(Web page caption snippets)
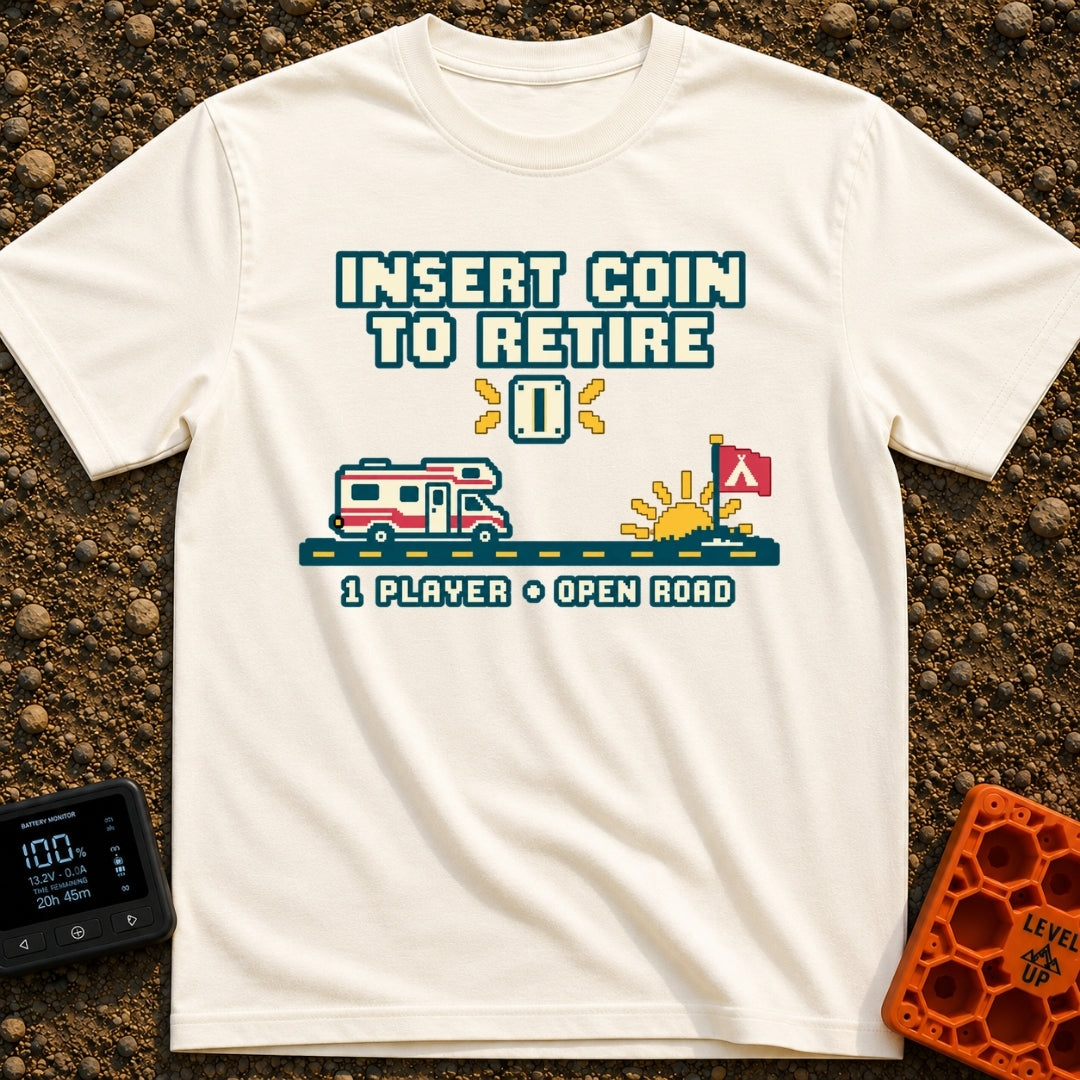 Insert Coin To Retire - T-Shirt in Ivory - A retro 8-bit pixel art design showing a Class C RV driving on a dashed road...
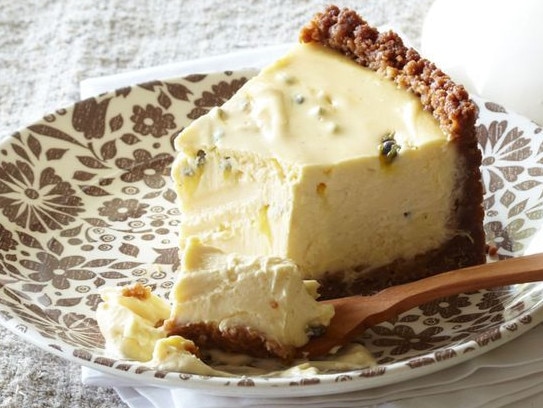 Baked sour cream and passionfruit cheesecake.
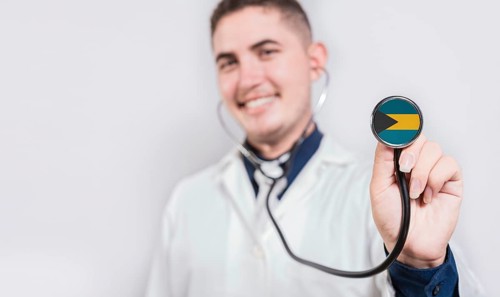 Doctor showing stethoscope with Bahamas flag. Bahamas national healthcare concept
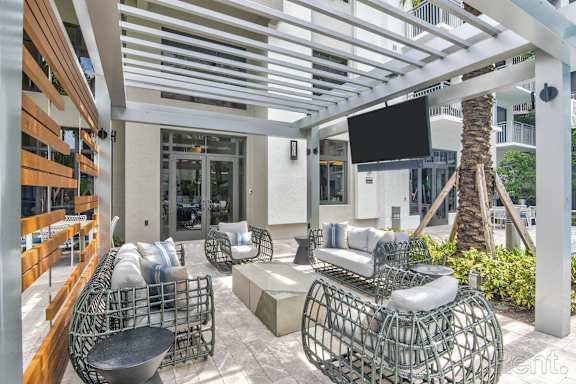 A patio with a white metal chair and a black TV mounted on the wall at Mayla Pompano, Pompano Beach, 33062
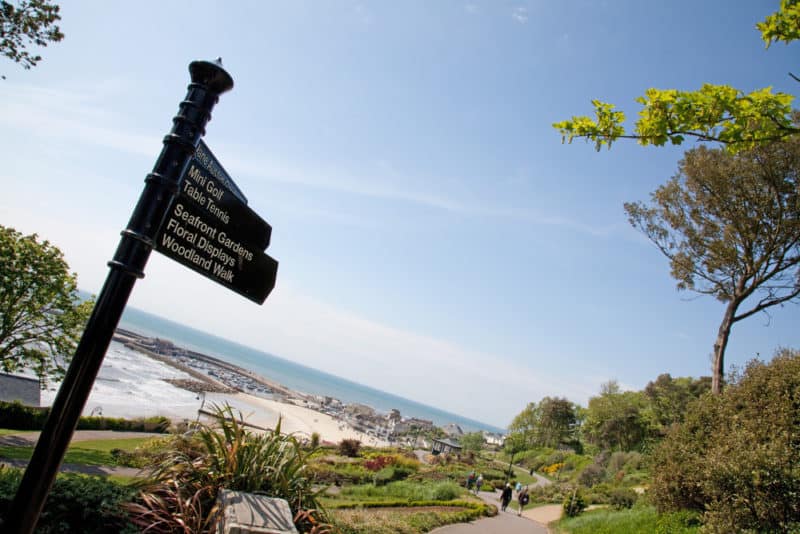 pathway along beach with a sign saying mini golf table tennis seafront gardens floral display woodland walk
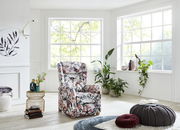 Blumiger Fernsehsessel in einem hellen Wohnzimmer mit großen Fenstern und Pflanzen, seitliche Perspektive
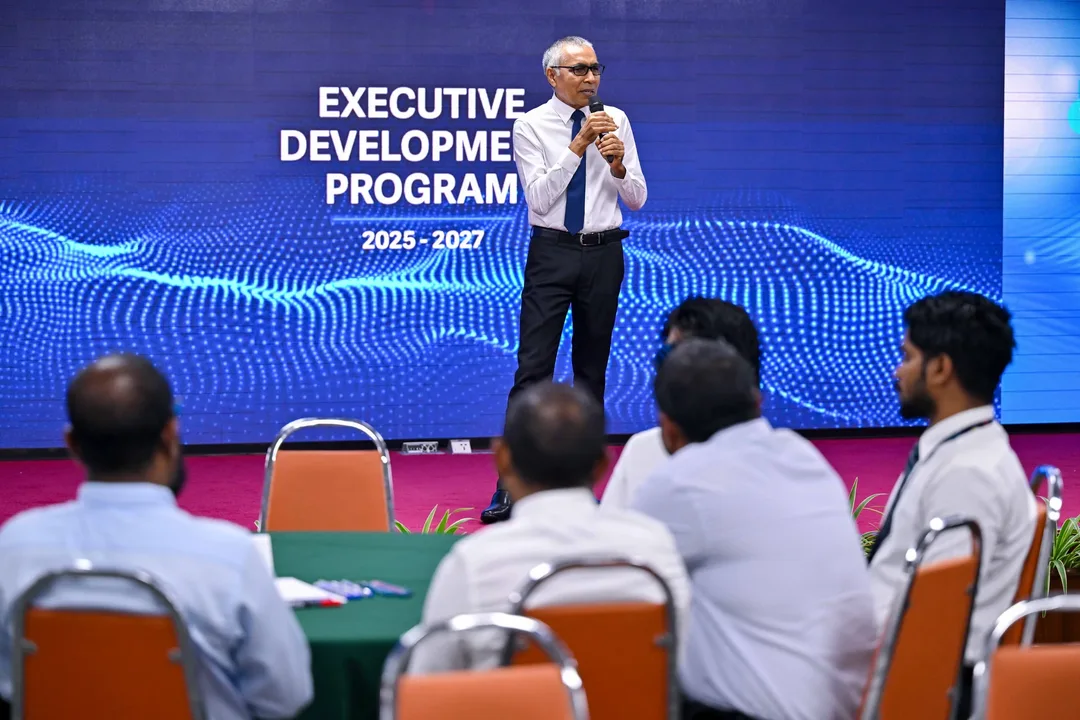 A speaker with a microphone stands before a screen reading Executive Development Program 2025–2027 as officials seated at tables listen.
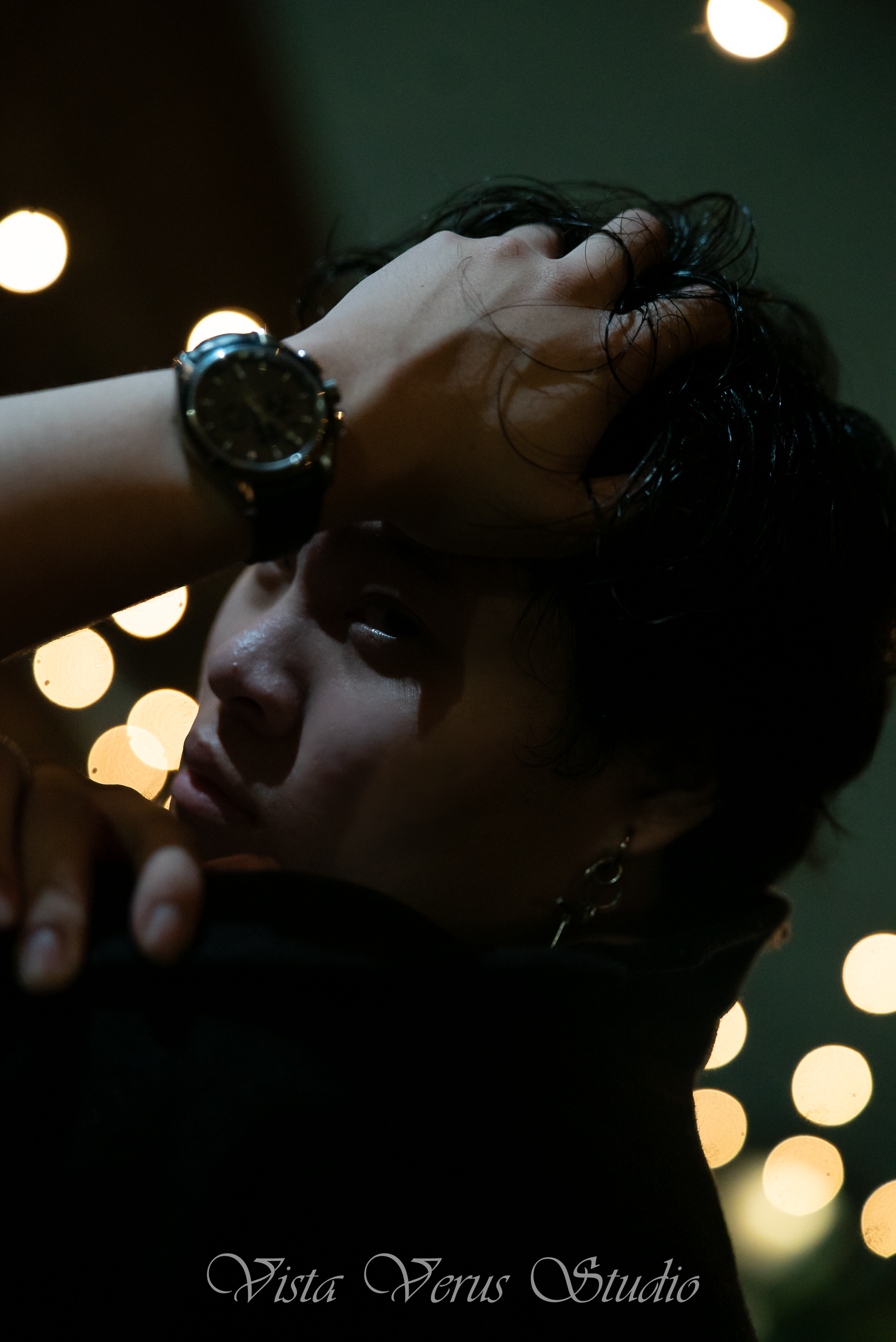Artistic portrait in low light with bokeh highlights and a wristwatch detail.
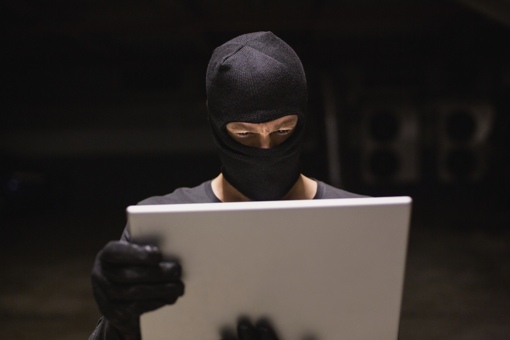 Hacker using a laptop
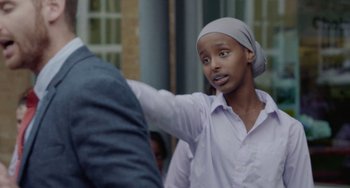 Movie still from “Rocks” (2019), directed by Sarah Gavron – A young woman wearing a headscarf is looking at a man; Close Up shot, Over the shoulder angle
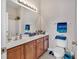 Bright bathroom featuring vanity with wood cabinets and ample counter space at 2037 Silvercrest Dr. # 16E, Myrtle Beach, SC 29579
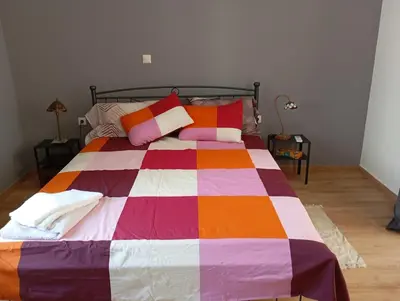 a bed with a colorful blanket and pillows on it at Lemon tree's House in Athens in Athens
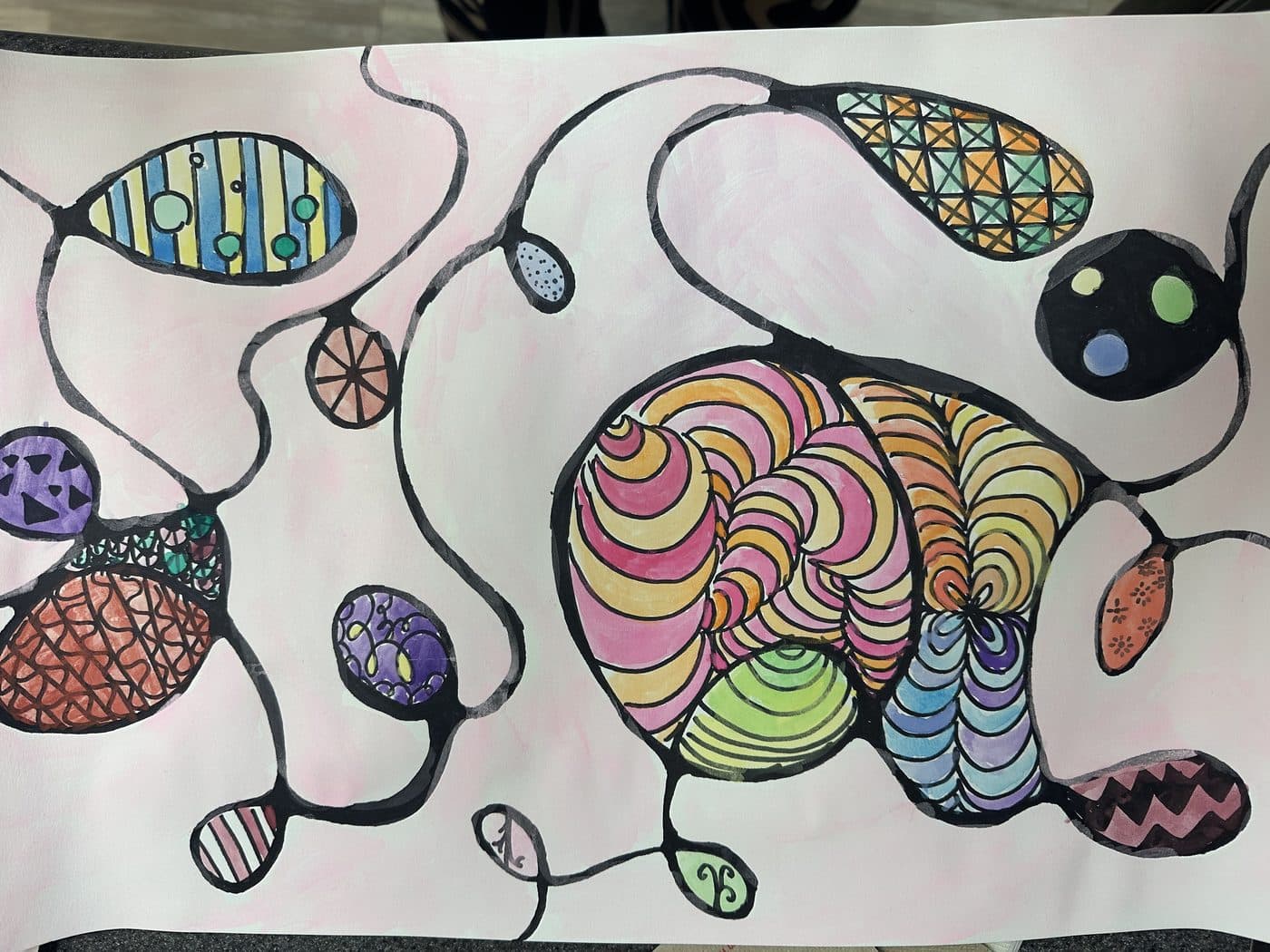 A marker drawing of connected bubbles and pods, each filled with a different pattern of stripes, dots, and zigzags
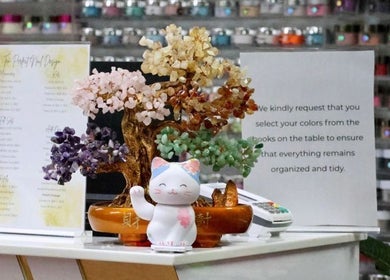 Charming decor at Ten Perfect Nail Design in Lowell, Massachusetts, US featuring a colorful gemstone tree and cat figurine.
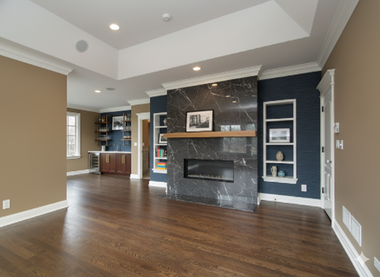 Living room with dark wood floors, marble fireplace, and built-in bookshelves.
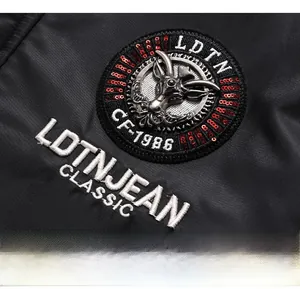 Detail of embroidered chest badge with metal goat head and red sequins on men's jacket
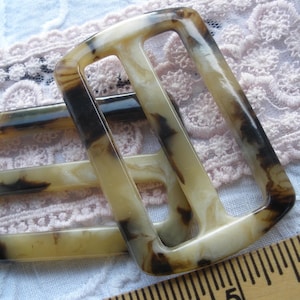 May include: Two brown and white marbled plastic belt buckles. The buckles are rectangular with two slots for a belt.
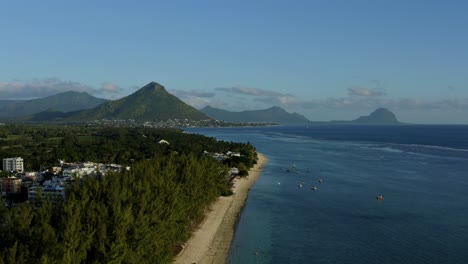 Drone-Aéreo-Que-Se-Eleva-Sobre-La-Costa-De-Mauricio,-Horizonte-De-Montaña-En-Un-Cielo-Azul-Claro,-Islas-Paradisíacas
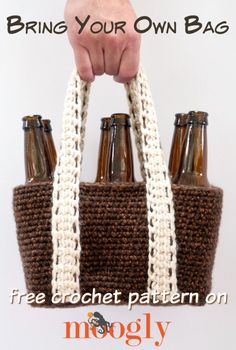 a hand holding a brown and white crochet bag with six beer bottles in it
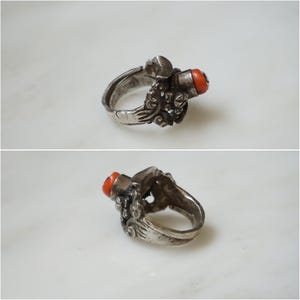 May include: A silver ring with an intricate design and a red coral stone. The ring is set on a white background.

■ Instructions to follow: The reply should hold every entry above, given again exactly, but not a single picture.

■ Solved exercise:
 Insert Coin To Retire - T-Shirt in Ivory - A retro 8-bit pixel art design showing a Class C RV driving on a dashed road...
 Baked sour cream and passionfruit cheesecake.
 Doctor showing stethoscope with Bahamas flag. Bahamas national healthcare concept
 A patio with a white metal chair and a black TV mounted on the wall at Mayla Pompano, Pompano Beach, 33062
 pathway along beach with a sign saying mini golf table tennis seafront gardens floral display woodland walk
 Blumiger Fernsehsessel in einem hellen Wohnzimmer mit großen Fenstern und Pflanzen, seitliche Perspektive
 A speaker with a microphone stands before a screen reading Executive Development Program 2025–2027 as officials seated at tables listen.
Artistic portrait in low light with bokeh highlights and a wristwatch detail.
 Hacker using a laptop
 Movie still from “Rocks” (2019), directed by Sarah Gavron – A young woman wearing a headscarf is looking at a man; Close Up shot, Over the shoulder angle
 Bright bathroom featuring vanity with wood cabinets and ample counter space at 2037 Silvercrest Dr. # 16E, Myrtle Beach, SC 29579
 a bed with a colorful blanket and pillows on it at Lemon tree's House in Athens in Athens
 A marker drawing of connected bubbles and pods, each filled with a different pattern of stripes, dots, and zigzags
 Charming decor at Ten Perfect Nail Design in Lowell, Massachusetts, US featuring a colorful gemstone tree and cat figurine.
 Living room with dark wood floors, marble fireplace, and built-in bookshelves.
 Detail of embroidered chest badge with metal goat head and red sequins on men's jacket
 May include: Two brown and white marbled plastic belt buckles. The buckles are rectangular with two slots for a belt.
 Drone-Aéreo-Que-Se-Eleva-Sobre-La-Costa-De-Mauricio,-Horizonte-De-Montaña-En-Un-Cielo-Azul-Claro,-Islas-Paradisíacas
 a hand holding a brown and white crochet bag with six beer bottles in it
 May include: A silver ring with an intricate design and a red coral stone. The ring is set on a white background.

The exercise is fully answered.